I have also been reading about the new draft of the Diagnostic and Statistical Manual of Mental Disorders, DSM-V, and what I've read has been devastating my spirit. It was released by the American Psychiatric Association in February, and the revision nearly a decade in the making could impact the diagnosis of more than a million troubled children by the time it's published in 2013. The changes it makes from the previous edition are numerous, and they will affect (among other things) which drugs insurance companies will reimburse for, which families are eligible for social services, and how the needs of children are addressed by their public schools.
The change which most concerns me is the addition of a condition known as "temper dysregulation disorder," a diagnosis which would apply to children of elementary-school age. In many cases, this new diagnosis would be applied to children who once would have been classified as having pediatric bipolar disorder.
Twenty years ago, the creation of this "new" descriptive wouldn't have felt important. In fact, it is only in the last 15 or so years that children have been diagnosed with pediatric bipolar disorder. But during that period, it has gone from "somewhere between 'never' and 'vanishingly rare'" to a condition diagnosed in 1 million American children. Diagnosed and treated, most often with antipsychotic medications.
The Difference Between 'Medicate for Life' and 'Medicate for Awhile'
If this new diagnosis survives to become part of the final DSM-V, I believe it has the potential to have a profound effect on the prescribing behavior of mental health professionals.
It's unclear how many kids would fit the temper dysregulation criteria, instead of the bipolar criteria; it's unclear whether prescribers would turn to the antipsychotics (many of which have not been clinically tested on children) to treat them, after all. What proponents of the new diagnosis say is that it will emphasize this key point: Many of these children should not be expected to suffer from the symptoms of explosive temper for their entire lives; at some point, for children diagnosed with temper dysregulation, the medications can and should stop.
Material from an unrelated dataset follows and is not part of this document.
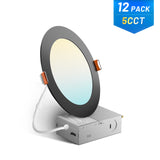 6 Inch Recessed LED Lighting, Slim Design, 5CCT, 1050 Lumens - 9
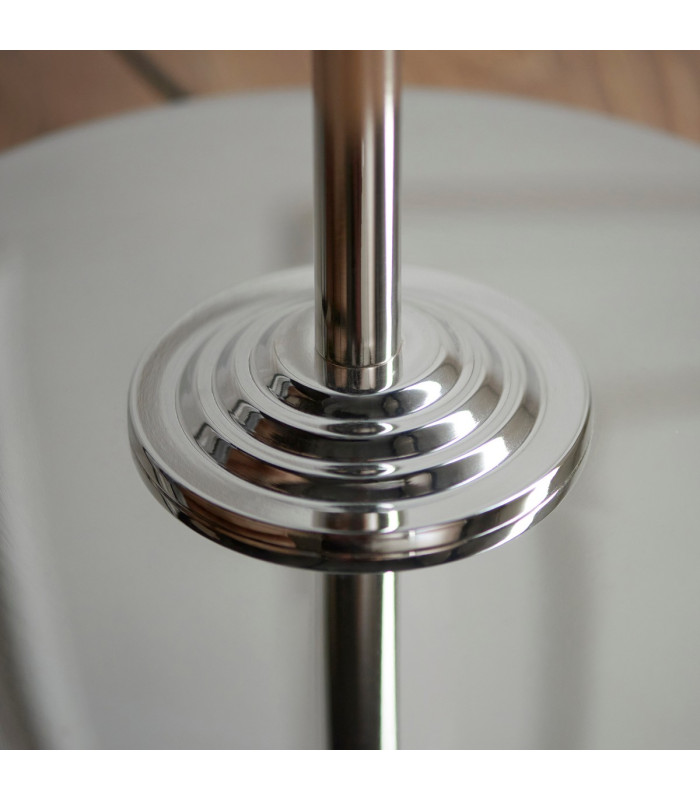 Highclere Floor Lamp with Shade Brushed Chrome Plate, Natural Linen, 1x E27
What is clear to me is that my son's symptoms, which his doctors say don't fit the criteria for pediatric bipolar disorder, do fit the description of temper dysregulation disorder to a T.
It is my belief that the American Psychiatric Association, with this proposed change to the DSM, hopes to reduce the frequency at which children are prescribed medication, and the duration those kids stay on it -- a belief nourished by reading many psychiatrists' takes on the DSM-V draft. In books and scholarly articles, I see lines being drawn in the sand by those who recognize our society's growing discomfort with the vast number of psychiatric medications we've been ingesting.
Perhaps the drugs themselves are dulling our ability to focus in on the problem. Are we helping ourselves by making the pain less painful? Or are we creating as many issues as we're fixing by manufacturing and selling and creating markets for ever more billions of dollars worth of brain-numbing drugs? Shouldn't we be focusing on the causes instead of refining the palliatives?
I'm looking for hammers and nails, not decoupage, but I'm not sure yet what's structural and what's baby fat. I'm already looking at this whole issue through new lenses, and the many books, articles and studies on the subject are evidence that our national diagnosticians are headed for eye exams, too. We could be in for the downward-sloping segment of the pharmaceutical market's growth curve; I, for one, am hoping for a nice swift ride with my feet off the pedals.